13 May 2026 Read on LinkedIn

The Regex That Ran Unbounded

security performance architecture freebsd

Tales from the Bare Metal ☞ Episode 03

« Thou shalt not let a regex run unbounded anywhere! »

13:42 UTC on Tuesday, 2 July 2019. A Cloudflare engineer deploys a single new managed WAF rule. Within seconds, every Cloudflare server in the world is at 100% CPU and incoming HTTP traffic stops moving. Twenty-seven minutes later, with traffic restored, the engineers will find that the rule was a regex of forty-five characters.

This is the story of how a regular expression that compiles cleanly, passes its tests, deploys via a globally distributed key-value store in seconds, and is enabled in simulation mode rather than blocking mode, takes down a sizeable fraction of the public internet for the duration of a coffee break. The interesting part is not the regex. The interesting part is the architecture that gave the regex unrestricted access to every CPU core on the network.

The Incident, in UTC

13:42 Engineer deploys the new managed WAF rule. Automatic deployment via Quicksilver, Cloudflare's distributed key-value store, propagates the change worldwide in seconds
13:45 First PagerDuty alert: synthetic WAF test fails
14:00 WAF identified as the root cause of the global CPU saturation
14:02 A "global terminate" of the WAF Managed Rulesets is proposed
14:07 Global terminate executed
14:09 Traffic and CPU return to normal worldwide
14:52 WAF re-enabled globally after the offending rule is rolled back and the change is tested

Twenty-seven minutes from rule push to traffic restoration. Two further hours before the WAF Managed Rulesets are fully re-enabled.

The Diagnosis

The offending rule was a managed XSS-detection regular expression in Cloudflare's WAF. Its full form is a forty-five-character pattern; the catastrophic part is one sub-expression:

(?:.*=.*)

Reduced to its essence:

.*.*=.*

Two greedy quantifiers (.*) followed by a literal (=) followed by another greedy quantifier. When the engine matches this against a long input that does not contain =, it has to try every possible way of splitting the input between the two .* quantifiers before concluding failure. For an input of length n, there are O(n²) possible splits to try. For longer inputs against more complex variants of this pattern, the worst case escalates rapidly. This is the classic shape of catastrophic backtracking, a failure mode known under the acronym ReDoS (regular expression denial of service).

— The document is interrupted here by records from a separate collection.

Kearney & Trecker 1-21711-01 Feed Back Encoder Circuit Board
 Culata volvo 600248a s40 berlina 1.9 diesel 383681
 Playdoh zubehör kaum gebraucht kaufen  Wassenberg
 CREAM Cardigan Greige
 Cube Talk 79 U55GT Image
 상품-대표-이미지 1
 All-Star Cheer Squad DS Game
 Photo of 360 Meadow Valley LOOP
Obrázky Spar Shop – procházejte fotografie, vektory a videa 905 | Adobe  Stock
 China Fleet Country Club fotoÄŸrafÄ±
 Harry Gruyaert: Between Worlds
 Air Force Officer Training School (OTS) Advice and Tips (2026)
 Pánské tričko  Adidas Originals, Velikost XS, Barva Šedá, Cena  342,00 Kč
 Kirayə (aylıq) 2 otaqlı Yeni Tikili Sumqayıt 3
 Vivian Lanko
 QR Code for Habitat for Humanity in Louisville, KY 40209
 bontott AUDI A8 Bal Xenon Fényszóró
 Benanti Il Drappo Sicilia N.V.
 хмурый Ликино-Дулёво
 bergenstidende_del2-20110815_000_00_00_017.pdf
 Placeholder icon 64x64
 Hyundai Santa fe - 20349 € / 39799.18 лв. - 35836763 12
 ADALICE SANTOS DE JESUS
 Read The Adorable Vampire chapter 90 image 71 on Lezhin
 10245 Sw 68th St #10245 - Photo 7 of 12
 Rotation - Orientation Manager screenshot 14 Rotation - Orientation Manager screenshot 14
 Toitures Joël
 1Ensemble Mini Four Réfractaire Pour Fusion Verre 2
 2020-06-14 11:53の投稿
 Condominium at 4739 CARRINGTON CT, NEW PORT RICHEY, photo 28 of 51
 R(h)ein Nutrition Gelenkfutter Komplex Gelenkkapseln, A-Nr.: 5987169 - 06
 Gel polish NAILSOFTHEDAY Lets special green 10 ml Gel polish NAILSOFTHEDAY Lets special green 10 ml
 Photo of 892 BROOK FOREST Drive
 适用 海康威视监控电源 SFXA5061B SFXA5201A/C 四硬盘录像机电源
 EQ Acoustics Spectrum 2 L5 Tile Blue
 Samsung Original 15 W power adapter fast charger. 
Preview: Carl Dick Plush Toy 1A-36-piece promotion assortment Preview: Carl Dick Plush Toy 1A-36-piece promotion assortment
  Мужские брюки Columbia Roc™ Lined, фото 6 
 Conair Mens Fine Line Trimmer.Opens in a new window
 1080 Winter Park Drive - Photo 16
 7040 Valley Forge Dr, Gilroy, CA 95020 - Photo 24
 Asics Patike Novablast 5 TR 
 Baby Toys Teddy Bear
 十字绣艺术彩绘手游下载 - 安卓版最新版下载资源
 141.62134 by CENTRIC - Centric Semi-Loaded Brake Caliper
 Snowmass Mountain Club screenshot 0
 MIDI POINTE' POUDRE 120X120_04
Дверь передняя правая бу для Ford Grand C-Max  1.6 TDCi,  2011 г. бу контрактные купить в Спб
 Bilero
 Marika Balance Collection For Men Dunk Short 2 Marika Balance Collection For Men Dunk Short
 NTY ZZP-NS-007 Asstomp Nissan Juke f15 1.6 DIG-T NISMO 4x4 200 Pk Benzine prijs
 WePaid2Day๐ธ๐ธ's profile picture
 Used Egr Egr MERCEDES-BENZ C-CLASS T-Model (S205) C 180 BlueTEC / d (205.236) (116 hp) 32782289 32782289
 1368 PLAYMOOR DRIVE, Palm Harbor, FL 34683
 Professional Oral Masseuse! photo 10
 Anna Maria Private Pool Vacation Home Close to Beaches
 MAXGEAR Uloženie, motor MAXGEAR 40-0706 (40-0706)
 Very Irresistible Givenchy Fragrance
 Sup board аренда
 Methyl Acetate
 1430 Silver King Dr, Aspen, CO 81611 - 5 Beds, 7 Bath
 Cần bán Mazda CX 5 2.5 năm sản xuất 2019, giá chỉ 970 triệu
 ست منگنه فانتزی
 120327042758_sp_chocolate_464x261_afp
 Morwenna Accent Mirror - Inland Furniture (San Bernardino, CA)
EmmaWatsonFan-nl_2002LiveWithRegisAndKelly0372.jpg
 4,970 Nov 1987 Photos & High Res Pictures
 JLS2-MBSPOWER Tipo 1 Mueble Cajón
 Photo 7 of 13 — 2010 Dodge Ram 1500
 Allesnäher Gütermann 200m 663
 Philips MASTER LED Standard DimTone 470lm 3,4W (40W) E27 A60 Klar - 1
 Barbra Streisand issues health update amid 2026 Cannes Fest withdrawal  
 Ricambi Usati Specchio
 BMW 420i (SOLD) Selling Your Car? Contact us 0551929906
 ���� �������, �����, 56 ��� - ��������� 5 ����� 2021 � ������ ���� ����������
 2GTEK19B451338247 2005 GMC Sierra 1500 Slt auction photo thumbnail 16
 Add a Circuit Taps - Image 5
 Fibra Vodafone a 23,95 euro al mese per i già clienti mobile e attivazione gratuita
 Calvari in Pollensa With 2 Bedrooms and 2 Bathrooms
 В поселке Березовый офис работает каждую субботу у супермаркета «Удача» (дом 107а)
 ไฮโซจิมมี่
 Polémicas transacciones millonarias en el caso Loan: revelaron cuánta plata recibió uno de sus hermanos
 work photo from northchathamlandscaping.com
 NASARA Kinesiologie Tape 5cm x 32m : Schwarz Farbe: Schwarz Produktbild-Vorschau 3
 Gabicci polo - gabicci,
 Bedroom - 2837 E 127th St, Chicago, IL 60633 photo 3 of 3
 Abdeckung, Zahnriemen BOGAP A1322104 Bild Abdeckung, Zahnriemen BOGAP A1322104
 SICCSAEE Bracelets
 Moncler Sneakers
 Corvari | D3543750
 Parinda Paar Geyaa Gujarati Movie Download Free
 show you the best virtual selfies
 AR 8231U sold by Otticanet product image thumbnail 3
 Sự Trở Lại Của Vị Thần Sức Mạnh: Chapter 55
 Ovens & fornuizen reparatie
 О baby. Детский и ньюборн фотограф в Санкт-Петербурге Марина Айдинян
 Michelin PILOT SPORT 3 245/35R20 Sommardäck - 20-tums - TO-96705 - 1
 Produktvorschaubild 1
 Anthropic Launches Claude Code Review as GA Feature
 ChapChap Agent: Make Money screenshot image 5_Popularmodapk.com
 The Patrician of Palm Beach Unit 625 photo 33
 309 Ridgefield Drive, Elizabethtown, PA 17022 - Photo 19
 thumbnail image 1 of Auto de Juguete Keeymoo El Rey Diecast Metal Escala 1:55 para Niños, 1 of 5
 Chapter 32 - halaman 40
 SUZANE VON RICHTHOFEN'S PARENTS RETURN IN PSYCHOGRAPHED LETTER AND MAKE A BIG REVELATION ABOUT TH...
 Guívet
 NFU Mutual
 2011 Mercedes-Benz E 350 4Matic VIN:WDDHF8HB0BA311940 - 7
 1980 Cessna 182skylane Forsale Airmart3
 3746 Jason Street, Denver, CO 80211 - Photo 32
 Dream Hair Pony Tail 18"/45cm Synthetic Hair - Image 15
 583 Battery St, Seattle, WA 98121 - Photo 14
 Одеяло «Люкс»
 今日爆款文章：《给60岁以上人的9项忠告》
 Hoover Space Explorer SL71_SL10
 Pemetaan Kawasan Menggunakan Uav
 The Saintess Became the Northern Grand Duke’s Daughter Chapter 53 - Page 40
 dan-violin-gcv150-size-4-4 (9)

Cloudflare's WAF was implemented in Lua, running inside nginx (the OpenResty stack), with PCRE (Perl Compatible Regular Expressions) doing the actual regex matching. PCRE evaluates patterns by backtracking and has no built-in runtime budget; once a match attempt begins, it runs until it succeeds or exhausts the search space.

On a single host, a single pathological input produces a single CPU-bound match attempt. Multiplied by every HTTP request that hits the WAF, multiplied by every CPU core on every Cloudflare edge server worldwide, this is exactly the global saturation that took the network down.

The Context

Three systemic conditions shaped the afternoon.

The author was solving for coverage, not performance. The rule was new; the goal was to catch a wider class of XSS payloads. The test harness verified that the rule matched the patterns it was supposed to match and did not match the patterns it was supposed to ignore. CPU-time profiling on pathological inputs was not part of the harness, and Cloudflare's postmortem notes explicitly that previous WAF builds had not logged any CPU regression of the kind that would have flagged the new rule. The rule looked fine to every gatekeeper between author and edge.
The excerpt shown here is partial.